### WHAT TO DO
Restate the data exactly as given and keep the pictures out.

### SUPPLIED MATERIAL
******************************

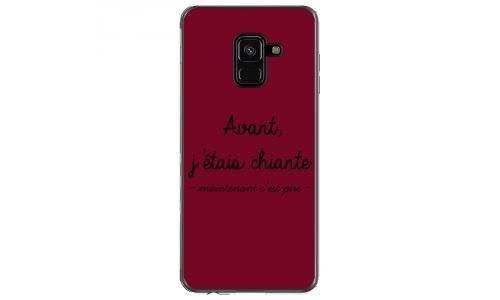 Coque souple pour Samsung Galaxy A8 2018 avec impression Motifs Avant, j'étais chiante bordeau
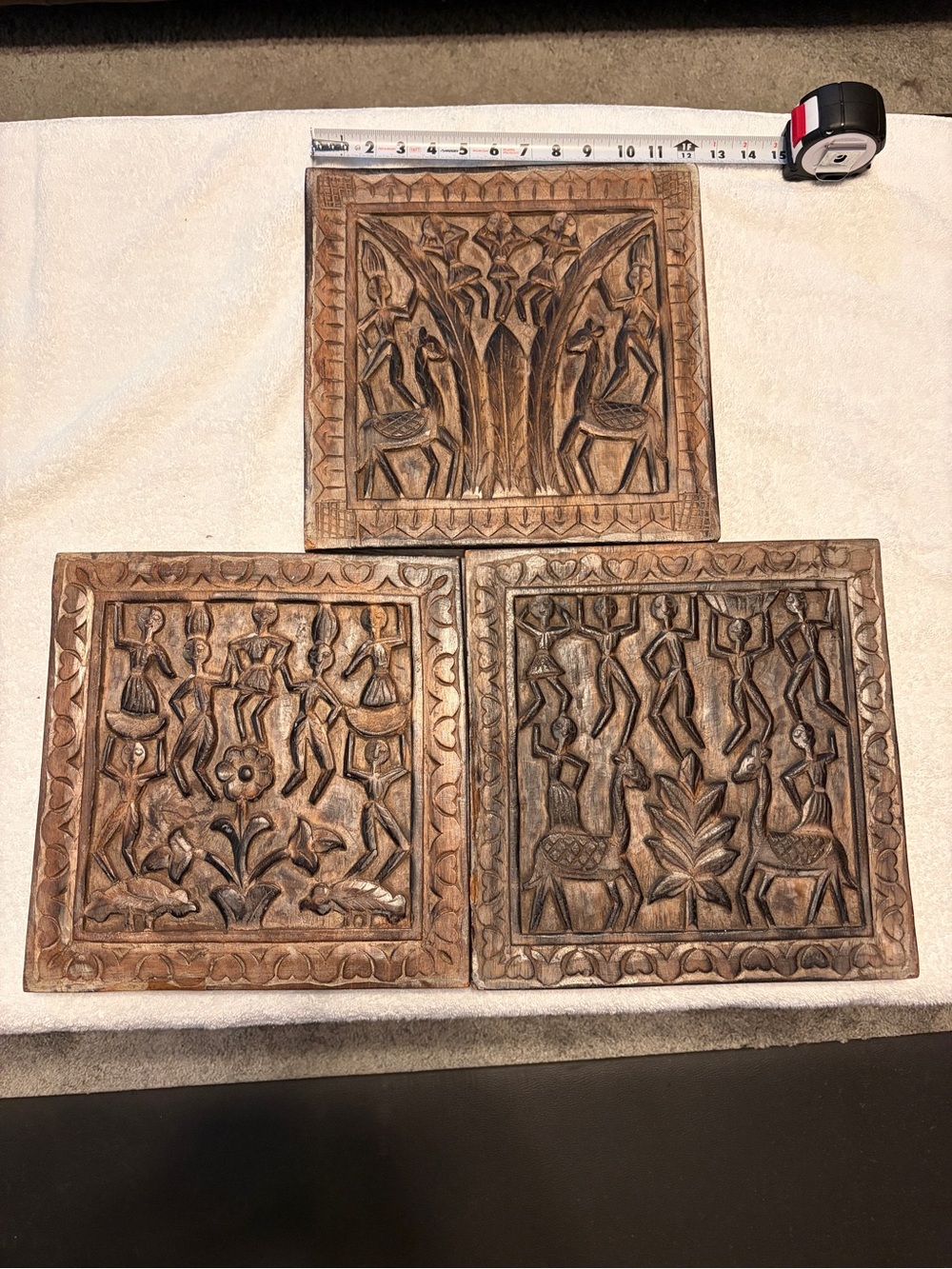 Custom Hand-Carved Tribal Wood Wall Plaques – Rustic Home Wall Decor Set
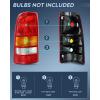 imageNilight Taillight Assembly Compatible with 1999 2000 2001 2002 Chevy Silverado 1999 2000 2001 2002 2003 2004 2005 2006 GMC Sierra Tail Rear Light Fleetside OE Style Driver Side Red BorderRed BorderDriver Side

******************************

### ANSWER FOR THIS EXERCISE
 Coque souple pour Samsung Galaxy A8 2018 avec impression Motifs Avant, j'étais chiante bordeau
 Custom Hand-Carved Tribal Wood Wall Plaques – Rustic Home Wall Decor Set
 imageNilight Taillight Assembly Compatible with 1999 2000 2001 2002 Chevy Silverado 1999 2000 2001 2002 2003 2004 2005 2006 GMC Sierra Tail Rear Light Fleetside OE Style Driver Side Red BorderRed BorderDriver Side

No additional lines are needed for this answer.